Search code examples
pythondeep-learningneural-networkpytorch

How to model this function in PyTorch


I want to train a feed-forward Neural Network with a single hidden layer that models the below equation.

h = g(W1.input1 + V1.input2 + b)
output1 = f(W2.h + b_w)
output2 = f(V2.h + b_v)

f and g are activation functions, h is the hidden representation, W1, W2, V1, V2 are Weight matrices, b, b_w, b_v are respective biases.

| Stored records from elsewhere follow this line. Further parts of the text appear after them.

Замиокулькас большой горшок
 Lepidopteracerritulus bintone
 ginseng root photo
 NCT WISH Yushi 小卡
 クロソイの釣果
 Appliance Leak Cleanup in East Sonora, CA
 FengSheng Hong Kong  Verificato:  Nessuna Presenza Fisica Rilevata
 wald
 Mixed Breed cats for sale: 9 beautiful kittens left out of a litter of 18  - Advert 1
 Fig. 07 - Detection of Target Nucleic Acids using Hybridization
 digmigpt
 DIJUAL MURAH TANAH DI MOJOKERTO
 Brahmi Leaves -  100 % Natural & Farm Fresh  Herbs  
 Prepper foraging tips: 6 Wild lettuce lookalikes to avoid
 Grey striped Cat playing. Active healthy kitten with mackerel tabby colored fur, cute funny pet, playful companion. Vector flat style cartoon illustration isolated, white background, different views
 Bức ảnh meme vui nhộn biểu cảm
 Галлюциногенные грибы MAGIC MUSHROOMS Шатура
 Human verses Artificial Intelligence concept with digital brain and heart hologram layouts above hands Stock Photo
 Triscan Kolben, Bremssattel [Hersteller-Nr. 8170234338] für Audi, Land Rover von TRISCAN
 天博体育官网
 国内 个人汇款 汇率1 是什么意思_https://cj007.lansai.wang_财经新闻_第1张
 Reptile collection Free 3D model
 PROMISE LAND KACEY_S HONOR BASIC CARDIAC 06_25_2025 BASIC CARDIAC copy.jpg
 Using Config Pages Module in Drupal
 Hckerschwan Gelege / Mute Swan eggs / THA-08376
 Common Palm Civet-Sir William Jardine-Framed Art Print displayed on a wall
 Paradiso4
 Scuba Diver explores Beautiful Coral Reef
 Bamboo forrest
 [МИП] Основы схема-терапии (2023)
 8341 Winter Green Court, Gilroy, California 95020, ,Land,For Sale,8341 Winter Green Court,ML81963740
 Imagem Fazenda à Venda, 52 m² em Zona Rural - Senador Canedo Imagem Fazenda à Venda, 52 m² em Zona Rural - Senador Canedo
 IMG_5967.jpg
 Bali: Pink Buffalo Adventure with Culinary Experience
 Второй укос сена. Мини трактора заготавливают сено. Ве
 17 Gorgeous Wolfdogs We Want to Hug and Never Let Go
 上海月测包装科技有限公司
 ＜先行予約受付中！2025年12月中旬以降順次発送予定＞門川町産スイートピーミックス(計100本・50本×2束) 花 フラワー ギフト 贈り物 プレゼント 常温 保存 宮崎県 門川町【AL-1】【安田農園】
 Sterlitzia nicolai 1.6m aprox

I can't concatenate 2 inputs because that will result in a single Weight matrix. I can't train two separate NNs because the latent representation will miss the interaction between 2 inputs. Any help is much appreciated. I have also attached the NN diagram below

NN Diagram


Solution

  • I decided to write my own Linear layer which calculates h = g(W1.input1 + V1.input2 + b) I do this by creating 2 parameters W1 and V1 multiply input1 and input2 with the 2 parameters and then add everything. The code is given below:

    import torch
    import torch.nn as nn
    import math
    
    
    class MyLinearLayer(nn.Module):
        def __init__(self, size_in1, size_out1):
            super().__init__()
            self.size_in1, self.size_out1 = size_in1, size_out1
            W_1 = torch.Tensor(size_out1, size_in1)
            V_1 = torch.Tensor(size_out1, size_in1)
            self.W1 = nn.Parameter(W_1)
            self.V1 = nn.Parameter(V_1)
            bias = torch.Tensor(size_out1)
            self.bias = nn.Parameter(bias)
    
        def forward(self, x):
            w_times_x= torch.mm(x[0], self.W1.t())
            v_times_x= torch.mm(x[1], self.V1.t())
            weight_times_x = torch.add(w_times_x, v_times_x)
            return torch.add(weight_times_x, self.bias)  # w times x + w times v + b
    
        
    class NN(nn.Module):
        def __init__(self, in_ch, h_ch, out_ch):
            super().__init__()
            self.input = MyLinearLayer(in_ch, h_ch)
            self.W2 = nn.Linear(h_ch, out_ch)
            self.V2= nn.Linear(h_ch, out_ch)
            self.act = nn.ReLU()
    
        def forward(self, i1, i2):
            # I pass in stacked input 
            inp = torch.stack([i1,i2])
            h = self.act(self.input(inp))
            o1 = self.act(self.W2(h)) 
            o2 = self.act(self.V2(h))
            return o1, o2
    
    model = NN(5, 10, 5)
    o1,o2 = model(torch.rand(2, 5), torch.rand(2, 5))
    for name, param in model.named_parameters():
        if param.requires_grad:
            print(name, '->',param.data.shape)
    

    output 7 parameters to be trained:

    input.W1 -> torch.Size([10, 5])
    input.V1 -> torch.Size([10, 5])
    input.bias -> torch.Size([10])
    W2.weight -> torch.Size([5, 10])
    W2.bias -> torch.Size([5])
    V2.weight -> torch.Size([5, 10])
    V2.bias -> torch.Size([5])
    

    Thanks for all the inputs @aretor, @Ivan, and @DerekG